- DATA FOR REVIEW:
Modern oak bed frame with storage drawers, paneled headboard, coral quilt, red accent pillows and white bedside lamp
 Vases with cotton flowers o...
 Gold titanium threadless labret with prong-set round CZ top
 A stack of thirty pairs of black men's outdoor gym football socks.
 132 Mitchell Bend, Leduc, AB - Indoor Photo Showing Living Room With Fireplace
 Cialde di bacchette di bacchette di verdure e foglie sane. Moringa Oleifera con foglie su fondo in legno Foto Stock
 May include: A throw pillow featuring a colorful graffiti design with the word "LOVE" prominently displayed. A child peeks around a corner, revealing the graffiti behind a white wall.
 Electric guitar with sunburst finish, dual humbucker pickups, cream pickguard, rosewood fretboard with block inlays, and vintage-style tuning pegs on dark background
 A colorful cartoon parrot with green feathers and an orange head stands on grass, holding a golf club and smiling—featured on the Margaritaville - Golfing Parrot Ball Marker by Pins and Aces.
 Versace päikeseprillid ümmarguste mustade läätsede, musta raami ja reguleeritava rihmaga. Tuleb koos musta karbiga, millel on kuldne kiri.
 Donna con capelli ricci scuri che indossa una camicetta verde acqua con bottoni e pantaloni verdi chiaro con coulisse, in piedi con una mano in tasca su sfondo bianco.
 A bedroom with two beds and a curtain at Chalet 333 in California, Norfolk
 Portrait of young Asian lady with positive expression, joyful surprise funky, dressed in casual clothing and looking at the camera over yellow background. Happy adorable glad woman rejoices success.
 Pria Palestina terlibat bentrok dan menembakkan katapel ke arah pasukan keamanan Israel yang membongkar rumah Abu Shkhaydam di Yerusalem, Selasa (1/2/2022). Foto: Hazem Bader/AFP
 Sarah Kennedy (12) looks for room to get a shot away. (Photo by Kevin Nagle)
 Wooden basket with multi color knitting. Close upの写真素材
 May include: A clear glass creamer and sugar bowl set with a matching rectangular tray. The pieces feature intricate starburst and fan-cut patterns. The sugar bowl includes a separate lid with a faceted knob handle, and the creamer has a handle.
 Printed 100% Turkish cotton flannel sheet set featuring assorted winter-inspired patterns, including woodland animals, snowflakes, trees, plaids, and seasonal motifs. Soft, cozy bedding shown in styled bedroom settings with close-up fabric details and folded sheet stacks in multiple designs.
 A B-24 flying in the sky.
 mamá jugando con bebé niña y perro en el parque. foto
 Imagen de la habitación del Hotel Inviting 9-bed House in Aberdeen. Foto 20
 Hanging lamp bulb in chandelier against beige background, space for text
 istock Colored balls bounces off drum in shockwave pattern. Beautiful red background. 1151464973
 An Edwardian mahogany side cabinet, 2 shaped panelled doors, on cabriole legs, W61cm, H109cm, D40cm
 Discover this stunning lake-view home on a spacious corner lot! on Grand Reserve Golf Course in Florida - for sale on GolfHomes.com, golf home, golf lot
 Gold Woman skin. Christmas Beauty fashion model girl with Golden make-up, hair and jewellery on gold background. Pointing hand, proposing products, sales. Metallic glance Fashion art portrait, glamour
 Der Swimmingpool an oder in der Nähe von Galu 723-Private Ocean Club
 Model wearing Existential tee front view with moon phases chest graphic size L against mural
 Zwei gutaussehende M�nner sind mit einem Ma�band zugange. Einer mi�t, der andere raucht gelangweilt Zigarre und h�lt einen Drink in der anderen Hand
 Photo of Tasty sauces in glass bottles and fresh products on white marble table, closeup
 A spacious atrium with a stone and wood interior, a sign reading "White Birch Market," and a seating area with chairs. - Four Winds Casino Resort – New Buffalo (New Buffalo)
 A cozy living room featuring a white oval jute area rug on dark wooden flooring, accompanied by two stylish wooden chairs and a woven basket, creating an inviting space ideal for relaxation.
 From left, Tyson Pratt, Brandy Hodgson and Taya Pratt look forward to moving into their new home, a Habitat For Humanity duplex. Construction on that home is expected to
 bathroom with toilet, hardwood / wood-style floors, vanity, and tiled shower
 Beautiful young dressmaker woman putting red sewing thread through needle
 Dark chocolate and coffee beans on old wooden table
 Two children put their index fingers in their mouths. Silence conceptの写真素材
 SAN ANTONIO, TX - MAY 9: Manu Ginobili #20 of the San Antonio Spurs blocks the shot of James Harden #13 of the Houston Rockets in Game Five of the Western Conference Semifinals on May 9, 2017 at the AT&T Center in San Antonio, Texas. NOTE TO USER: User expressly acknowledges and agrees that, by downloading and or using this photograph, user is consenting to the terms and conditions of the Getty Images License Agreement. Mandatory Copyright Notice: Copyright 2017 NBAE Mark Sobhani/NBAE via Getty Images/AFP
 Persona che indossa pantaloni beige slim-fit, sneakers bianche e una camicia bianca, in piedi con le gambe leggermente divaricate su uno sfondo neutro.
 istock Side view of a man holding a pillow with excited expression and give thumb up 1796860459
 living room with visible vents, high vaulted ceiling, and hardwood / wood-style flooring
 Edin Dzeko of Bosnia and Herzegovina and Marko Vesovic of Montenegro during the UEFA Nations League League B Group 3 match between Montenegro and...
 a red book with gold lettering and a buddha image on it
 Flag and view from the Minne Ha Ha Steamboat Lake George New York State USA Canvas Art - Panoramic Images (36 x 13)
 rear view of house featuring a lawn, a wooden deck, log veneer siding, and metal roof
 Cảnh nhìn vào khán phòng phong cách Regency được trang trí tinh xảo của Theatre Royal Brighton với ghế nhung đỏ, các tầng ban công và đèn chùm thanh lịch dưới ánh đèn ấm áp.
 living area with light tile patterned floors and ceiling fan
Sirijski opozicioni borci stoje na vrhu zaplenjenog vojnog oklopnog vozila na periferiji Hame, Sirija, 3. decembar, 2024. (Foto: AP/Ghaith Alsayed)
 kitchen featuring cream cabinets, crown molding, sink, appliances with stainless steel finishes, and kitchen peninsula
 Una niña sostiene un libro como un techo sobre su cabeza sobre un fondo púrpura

- EXERCISE INSTRUCTIONS:
What is needed here is an exact copy of all the entries.

- RESPONSE TO THIS EXERCISE:
Modern oak bed frame with storage drawers, paneled headboard, coral quilt, red accent pillows and white bedside lamp
 Vases with cotton flowers o...
 Gold titanium threadless labret with prong-set round CZ top
 A stack of thirty pairs of black men's outdoor gym football socks.
 132 Mitchell Bend, Leduc, AB - Indoor Photo Showing Living Room With Fireplace
 Cialde di bacchette di bacchette di verdure e foglie sane. Moringa Oleifera con foglie su fondo in legno Foto Stock
 May include: A throw pillow featuring a colorful graffiti design with the word "LOVE" prominently displayed. A child peeks around a corner, revealing the graffiti behind a white wall.
 Electric guitar with sunburst finish, dual humbucker pickups, cream pickguard, rosewood fretboard with block inlays, and vintage-style tuning pegs on dark background
 A colorful cartoon parrot with green feathers and an orange head stands on grass, holding a golf club and smiling—featured on the Margaritaville - Golfing Parrot Ball Marker by Pins and Aces.
 Versace päikeseprillid ümmarguste mustade läätsede, musta raami ja reguleeritava rihmaga. Tuleb koos musta karbiga, millel on kuldne kiri.
 Donna con capelli ricci scuri che indossa una camicetta verde acqua con bottoni e pantaloni verdi chiaro con coulisse, in piedi con una mano in tasca su sfondo bianco.
 A bedroom with two beds and a curtain at Chalet 333 in California, Norfolk
 Portrait of young Asian lady with positive expression, joyful surprise funky, dressed in casual clothing and looking at the camera over yellow background. Happy adorable glad woman rejoices success.
 Pria Palestina terlibat bentrok dan menembakkan katapel ke arah pasukan keamanan Israel yang membongkar rumah Abu Shkhaydam di Yerusalem, Selasa (1/2/2022). Foto: Hazem Bader/AFP
 Sarah Kennedy (12) looks for room to get a shot away. (Photo by Kevin Nagle)
 Wooden basket with multi color knitting. Close upの写真素材
 May include: A clear glass creamer and sugar bowl set with a matching rectangular tray. The pieces feature intricate starburst and fan-cut patterns. The sugar bowl includes a separate lid with a faceted knob handle, and the creamer has a handle.
 Printed 100% Turkish cotton flannel sheet set featuring assorted winter-inspired patterns, including woodland animals, snowflakes, trees, plaids, and seasonal motifs. Soft, cozy bedding shown in styled bedroom settings with close-up fabric details and folded sheet stacks in multiple designs.
 A B-24 flying in the sky.
 mamá jugando con bebé niña y perro en el parque. foto
 Imagen de la habitación del Hotel Inviting 9-bed House in Aberdeen. Foto 20
 Hanging lamp bulb in chandelier against beige background, space for text
 istock Colored balls bounces off drum in shockwave pattern. Beautiful red background. 1151464973
 An Edwardian mahogany side cabinet, 2 shaped panelled doors, on cabriole legs, W61cm, H109cm, D40cm
 Discover this stunning lake-view home on a spacious corner lot! on Grand Reserve Golf Course in Florida - for sale on GolfHomes.com, golf home, golf lot
 Gold Woman skin. Christmas Beauty fashion model girl with Golden make-up, hair and jewellery on gold background. Pointing hand, proposing products, sales. Metallic glance Fashion art portrait, glamour
 Der Swimmingpool an oder in der Nähe von Galu 723-Private Ocean Club
 Model wearing Existential tee front view with moon phases chest graphic size L against mural
 Zwei gutaussehende M�nner sind mit einem Ma�band zugange. Einer mi�t, der andere raucht gelangweilt Zigarre und h�lt einen Drink in der anderen Hand
 Photo of Tasty sauces in glass bottles and fresh products on white marble table, closeup
 A spacious atrium with a stone and wood interior, a sign reading "White Birch Market," and a seating area with chairs. - Four Winds Casino Resort – New Buffalo (New Buffalo)
 A cozy living room featuring a white oval jute area rug on dark wooden flooring, accompanied by two stylish wooden chairs and a woven basket, creating an inviting space ideal for relaxation.
 From left, Tyson Pratt, Brandy Hodgson and Taya Pratt look forward to moving into their new home, a Habitat For Humanity duplex. Construction on that home is expected to
 bathroom with toilet, hardwood / wood-style floors, vanity, and tiled shower
 Beautiful young dressmaker woman putting red sewing thread through needle
 Dark chocolate and coffee beans on old wooden table
 Two children put their index fingers in their mouths. Silence conceptの写真素材
 SAN ANTONIO, TX - MAY 9: Manu Ginobili #20 of the San Antonio Spurs blocks the shot of James Harden #13 of the Houston Rockets in Game Five of the Western Conference Semifinals on May 9, 2017 at the AT&T Center in San Antonio, Texas. NOTE TO USER: User expressly acknowledges and agrees that, by downloading and or using this photograph, user is consenting to the terms and conditions of the Getty Images License Agreement. Mandatory Copyright Notice: Copyright 2017 NBAE Mark Sobhani/NBAE via Getty Images/AFP
 Persona che indossa pantaloni beige slim-fit, sneakers bianche e una camicia bianca, in piedi con le gambe leggermente divaricate su uno sfondo neutro.
 istock Side view of a man holding a pillow with excited expression and give thumb up 1796860459
 living room with visible vents, high vaulted ceiling, and hardwood / wood-style flooring
 Edin Dzeko of Bosnia and Herzegovina and Marko Vesovic of Montenegro during the UEFA Nations League League B Group 3 match between Montenegro and...
 a red book with gold lettering and a buddha image on it
 Flag and view from the Minne Ha Ha Steamboat Lake George New York State USA Canvas Art - Panoramic Images (36 x 13)
 rear view of house featuring a lawn, a wooden deck, log veneer siding, and metal roof
 Cảnh nhìn vào khán phòng phong cách Regency được trang trí tinh xảo của Theatre Royal Brighton với ghế nhung đỏ, các tầng ban công và đèn chùm thanh lịch dưới ánh đèn ấm áp.
 living area with light tile patterned floors and ceiling fan
Sirijski opozicioni borci stoje na vrhu zaplenjenog vojnog oklopnog vozila na periferiji Hame, Sirija, 3. decembar, 2024. (Foto: AP/Ghaith Alsayed)
 kitchen featuring cream cabinets, crown molding, sink, appliances with stainless steel finishes, and kitchen peninsula
 Una niña sostiene un libro como un techo sobre su cabeza sobre un fondo púrpura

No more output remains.